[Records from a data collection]
—————

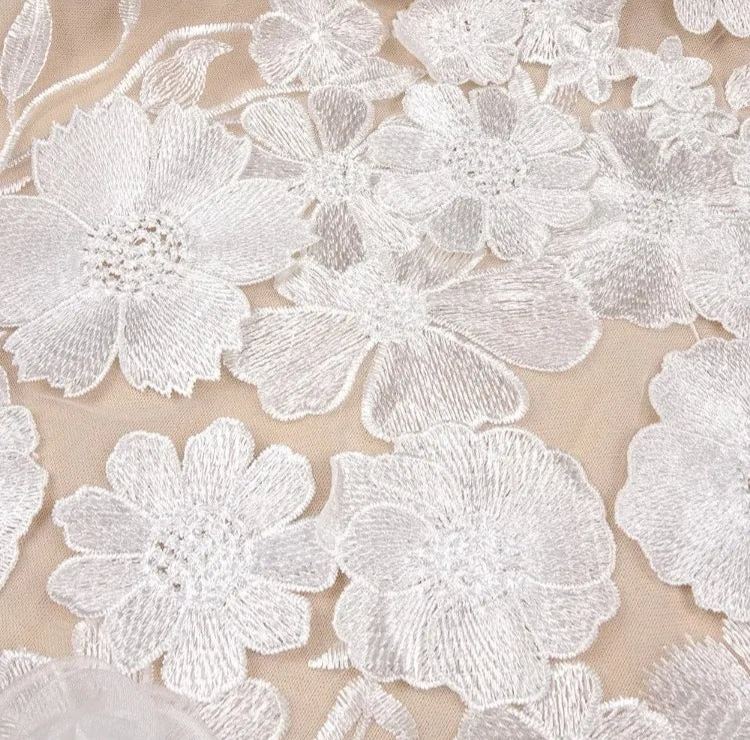 Embroidery Off Shoulder Sleeveless Gauze Floral Mini Dress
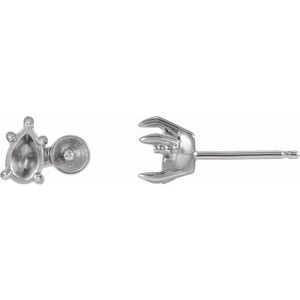 14K White Gold Accented Left Earring Mounting for 4 mm Pearl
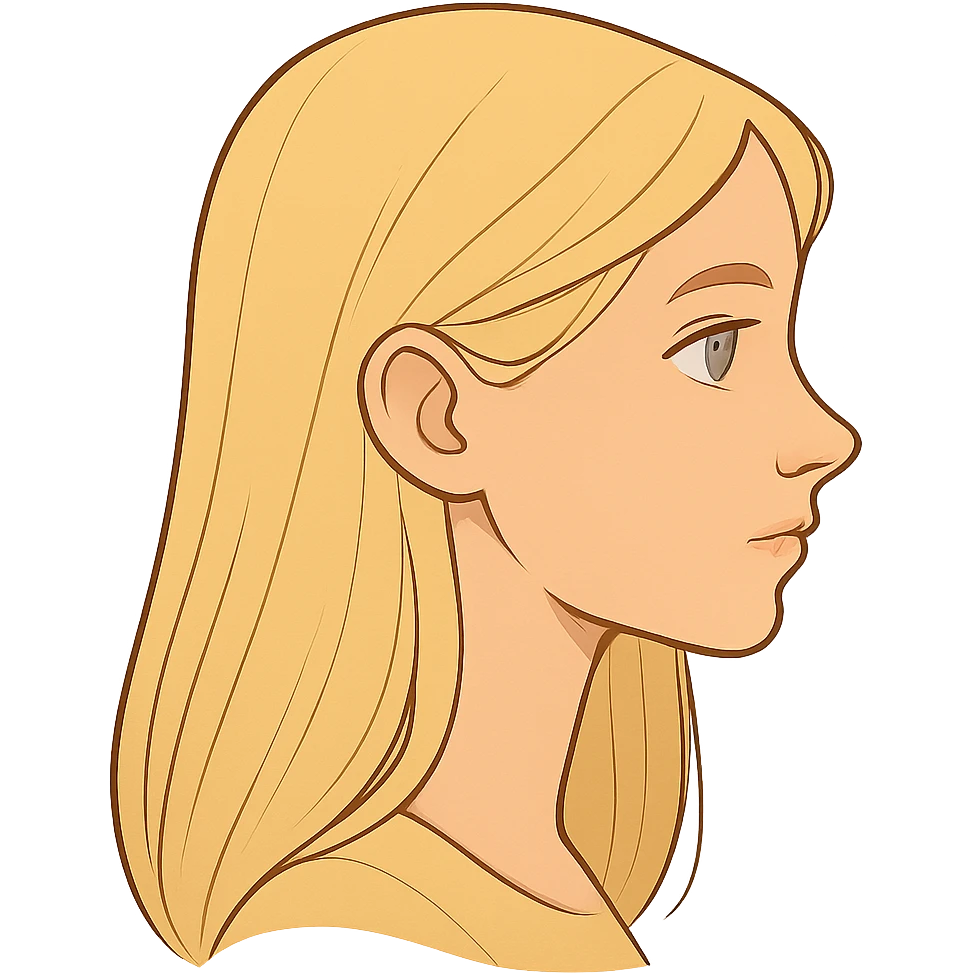 blonde girl with blue eyes, straight hair, side profile, general illustration style emoji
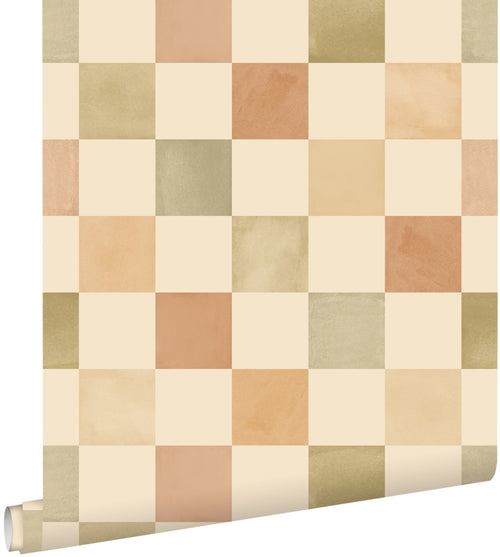 ESTAhome behang geblokt motief beige, bruin en groen - 50 x 900 cm - 131716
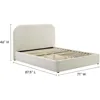 Modway Keynote Modern Queen Bed Frame with Curve Shaped Headboard in Alabaster, Upholstered in Performance Velvet, Queen Size Pl 2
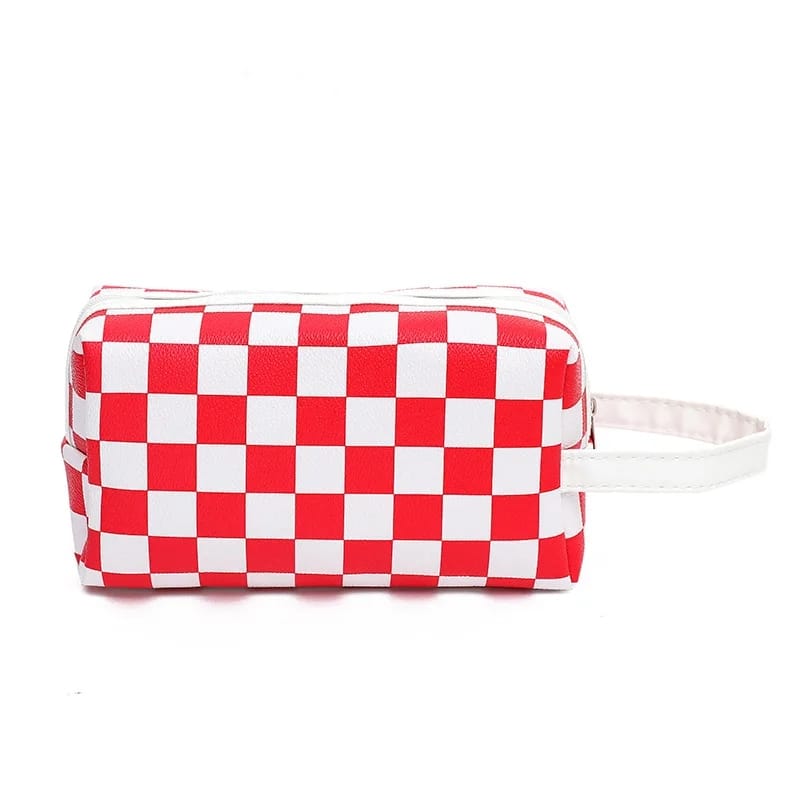Women Waterproof PU Leather Cosmetic Storage Bags Chess-SA2405-115 Cosmetic Pouches Apricot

—————

**Task goal:**
Copy each line above exactly, with no images.

**Answer area:**
 Embroidery Off Shoulder Sleeveless Gauze Floral Mini Dress
 14K White Gold Accented Left Earring Mounting for 4 mm Pearl
 blonde girl with blue eyes, straight hair, side profile, general illustration style emoji
 ESTAhome behang geblokt motief beige, bruin en groen - 50 x 900 cm - 131716
 Modway Keynote Modern Queen Bed Frame with Curve Shaped Headboard in Alabaster, Upholstered in Performance Velvet, Queen Size Pl 2
Women Waterproof PU Leather Cosmetic Storage Bags Chess-SA2405-115 Cosmetic Pouches Apricot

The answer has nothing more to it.